Centrocampista total, líder en su anterior club, llega para darle al equipo una mezcla de calidad, carácter y mando. Su presencia debe liberar a Declan Rice, castigado por las lesiones en el tramo final de la temporada y en el Mundial, y repartir responsabilidades en la creación y en la presión.
Arteta no duda de su encaje. En el Community Shield, Guimaraes ya dejó un anticipo: entradas a tiempo, pases filtrados, personalidad para pedir la pelota en zonas calientes.
“Es un guerrero con una calidad tremenda, intuición, liderazgo y carisma que nos va a ayudar, que va a encender algo diferente en el equipo”, subrayó el técnico. “Va a empujar a todos dentro del grupo, y ese es el tipo de jugador que necesitamos”.
La pregunta es evidente: ¿es Bruno la pieza que convierte un centro del campo fiable en uno dominante? La temporada dará la respuesta, pero Arsenal, por primera vez en años, parece tener profundidad y jerarquía en esa zona clave.
Gyokeres, entre la buena temporada y la exigencia del nueve de un campeón
Viktor Gyokeres llegó para acabar con un fantasma que persigue al club desde hace tiempo: la ausencia de un nueve realmente fiable. Su primera campaña fue correcta, incluso notable en frío: 14 goles en Premier, 21 en todas las competiciones.
Números respetables. No, todavía no son cifras de delantero devastador.
El contexto lo cambia todo. Arsenal ha decidido rodearlo mejor en lugar de traerle competencia directa en la punta. Eso coloca el foco sobre él. Sin red. El equipo necesita que su “decente primer año” se convierta ahora en una temporada de goleador implacable.
Los títulos se deciden muchas veces en las áreas. Si Gyokeres da ese salto, el campeón tendrá un argumento más para creer en el doblete Premier–Champions. Si se queda a medio camino, la sensación de oportunidad perdida puede reaparecer.
Max Dowman, el niño que ya cambió la historia
Max Dowman cumplió 16 años en diciembre. Cuatro meses después, marcó un gol que ya forma parte de la historia de la Premier League: un tanto en el tiempo añadido ante Everton que lo convirtió en el goleador más joven de la competición.
Ese disparo no solo dio tres puntos. Encendió un debate: ¿hasta dónde se puede acelerar el crecimiento de un talento tan precoz?
Arteta ha optado por el equilibrio.
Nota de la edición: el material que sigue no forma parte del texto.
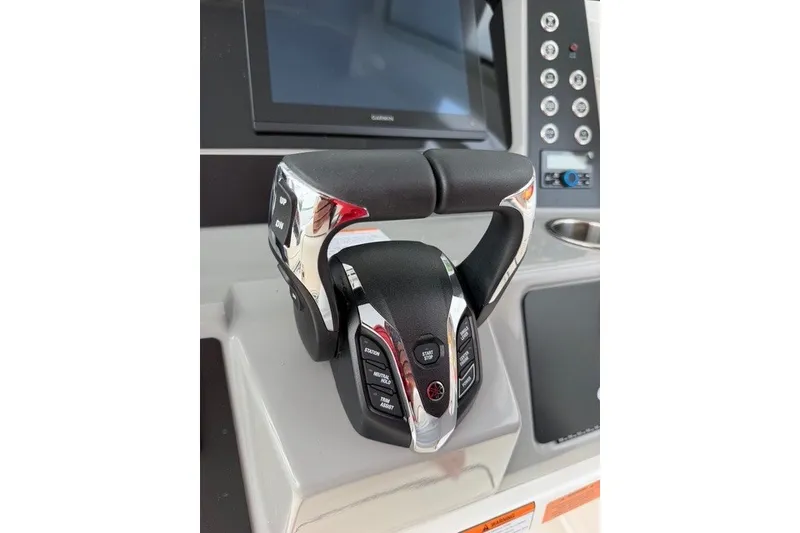Slide: The Image of 2026 Robalo R270 Center Console helm with advanced controls and display screen. - 16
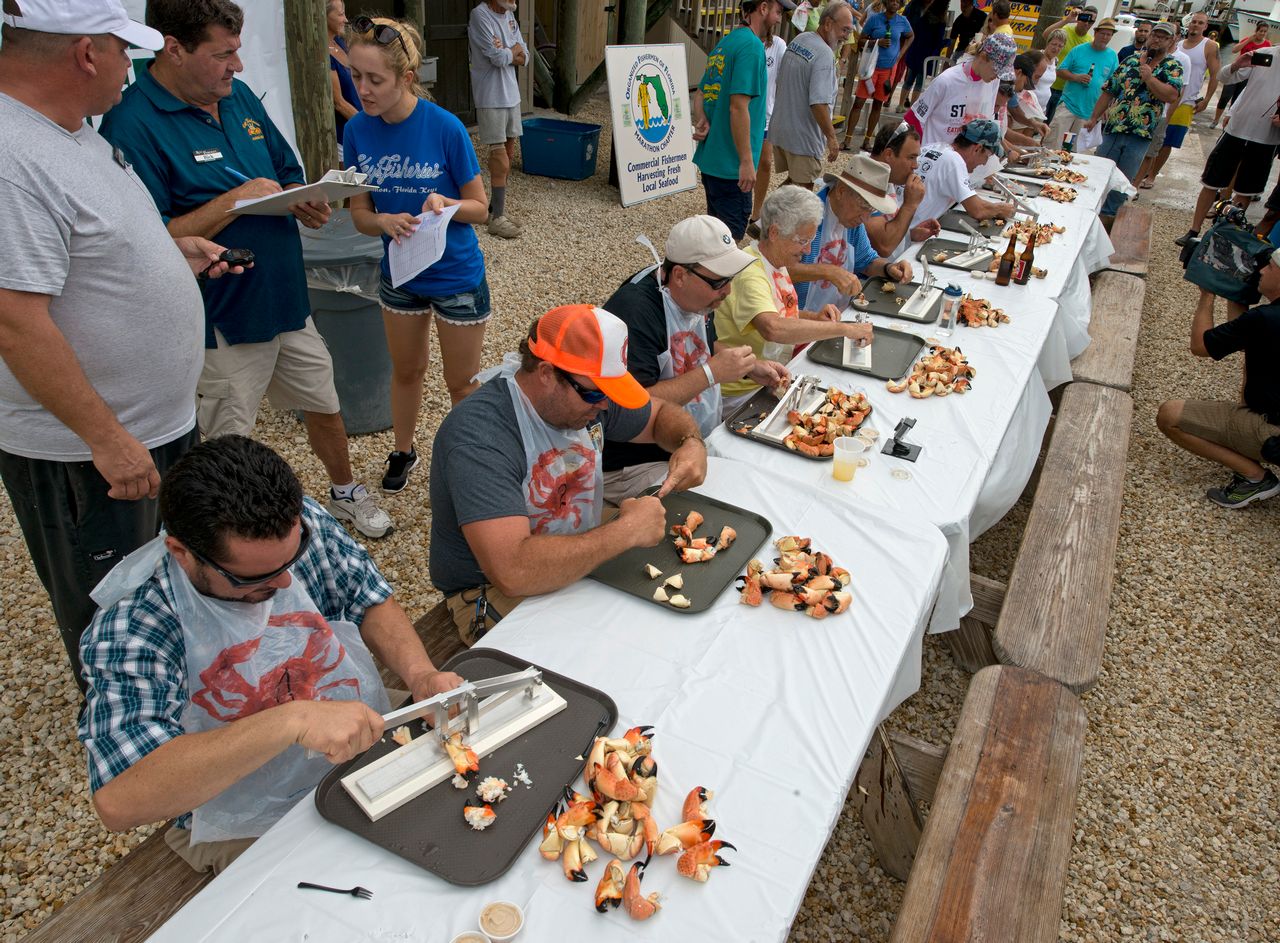 Contestants compete to crack, clean and chow down 25 stone crab claws in the fastest time. 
Ha hablado de colegio, de carga de trabajo, de proteger al chico tanto como de su preparación futbolística. No quiere quemarlo. Ni que el ruido lo devore.
El plan pasa por darle minutos en las copas nacionales esta temporada. Ahí, sin el foco abrasador de la Premier o de la Champions, podrá soltarse, equivocarse y aprender. Pero el margen para la prudencia puede estrecharse si Dowman responde como muchos dentro del club creen que lo hará.
Si el joven mediapunta confirma su potencial, el entrenador podría verse obligado a incluirlo en algunos de los partidos más grandes del curso. Y entonces, con un campeón defendiendo su corona y persiguiendo Europa, la escena puede ser poderosa: un Arsenal que mira al futuro sin dejar de pelear por todo en el presente.